** Your instructions **
Within the entries below, output exactly the lines between the line containing "Buje de <span" and the line containing "Matador Motel Drayton Valley Phòng bức ảnh", inclusive, and omit any picture.

** Input for this task **

__________________________________________________

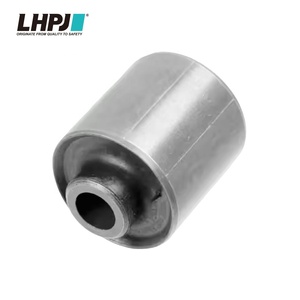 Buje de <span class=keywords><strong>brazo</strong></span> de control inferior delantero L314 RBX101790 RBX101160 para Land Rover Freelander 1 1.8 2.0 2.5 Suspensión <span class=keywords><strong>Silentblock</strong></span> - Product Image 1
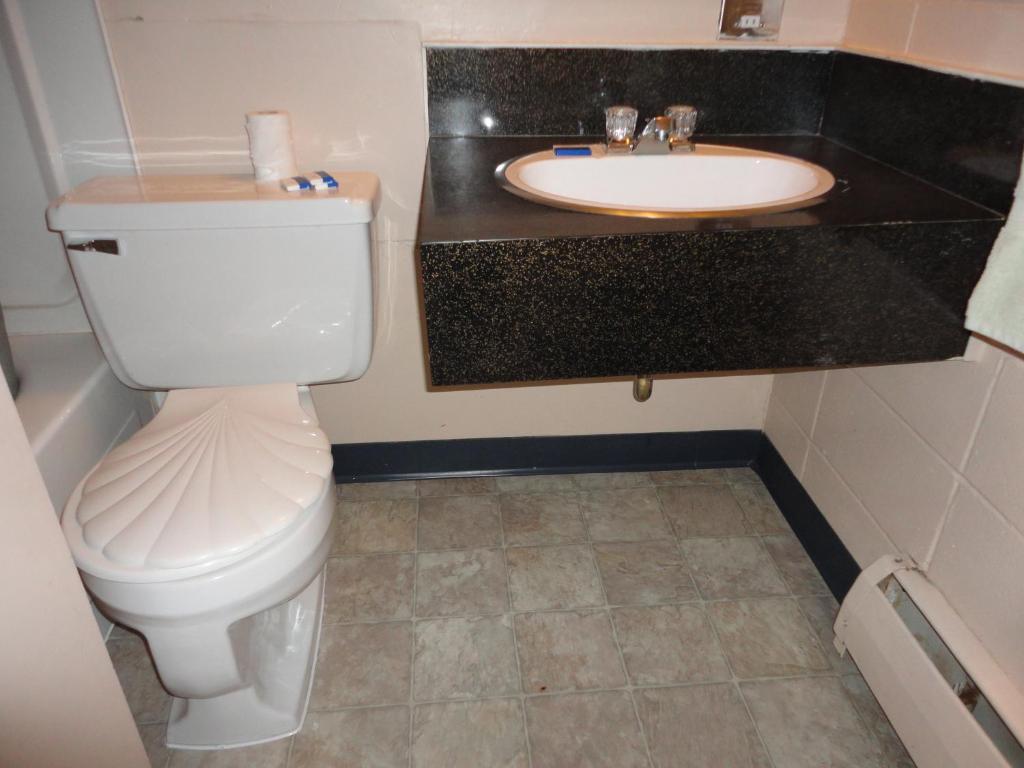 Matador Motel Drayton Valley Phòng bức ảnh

__________________________________________________

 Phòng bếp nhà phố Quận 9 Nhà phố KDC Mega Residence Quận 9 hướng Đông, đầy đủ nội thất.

__________________________________________________

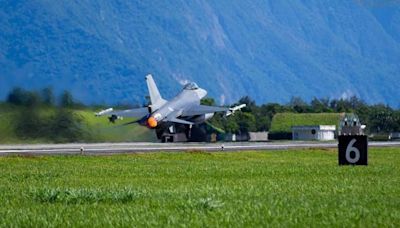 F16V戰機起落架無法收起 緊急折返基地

__________________________________________________

** Solution to the problem **
 Buje de <span class=keywords><strong>brazo</strong></span> de control inferior delantero L314 RBX101790 RBX101160 para Land Rover Freelander 1 1.8 2.0 2.5 Suspensión <span class=keywords><strong>Silentblock</strong></span> - Product Image 1
 Matador Motel Drayton Valley Phòng bức ảnh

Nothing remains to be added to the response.